WordSmith Tools Manual

Navigation: Reference

flavours of Unicode

What is Unicode?

What WordSmith requires for many languages (Russian, Japanese, Greek, Vietnamese, Arabic etc.) is Unicode. (Technically UTF16 Unicode, little-endian.) It uses 2 bytes for each character. One byte is not enough space to record complex characters, though it will work OK for the English alphabet and some simple punctuation and number characters.

UTF8, a format which was devised for many languages some years ago when disk space was limited and character encoding was problematic, is in widespread use but is generally not suitable. That's because it uses a variable number of bytes to represent the different characters. A to Z will be only 1 byte but for example Japanese characters may well need 2, 3 or even more bytes to represent one character.

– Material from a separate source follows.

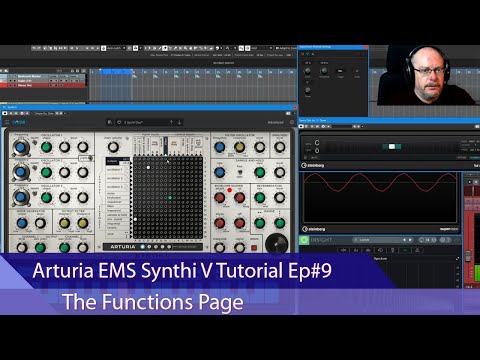 Arturia EMS Synthi V Tutorial Ep#9 - The Functions Page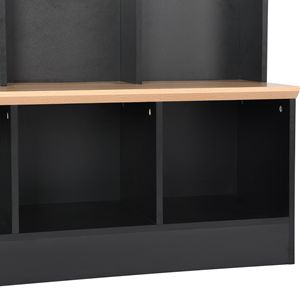 mud room organization and storage bench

There are a number of different "flavours" of Unicode as defined by the Unicode Consortium.

MS Word offers

•Unicode

•Unicode (Big-Endian) (generated by some Mac or Unix software)

•Unicode (UTF-7)

•Unicode (UTF-8)

The last two are 1-byte versions, not really Unicode in my opinion. WordSmith wants the first of these but should automatically convert from any of the others. If you are converting text, prefer Unicode (little-endian), UTF16.

Technical Note

There are other flavours too and there is much more complexity to this topic than can be explained here, but essentially what we are trying to achieve is a system where a character can be stored in the PC in a fixed amount of space and displayed correctly.

Precomposed

In a few cases in certain languages, some of your texts may have been prepared with a character followed by an accent, such as A followed by ^ where the intention is for the software to display them merged (Â), instead of using precomposed characters where the two are merged in the text file. See the explanation in Advanced Settings if you need to handle that situation.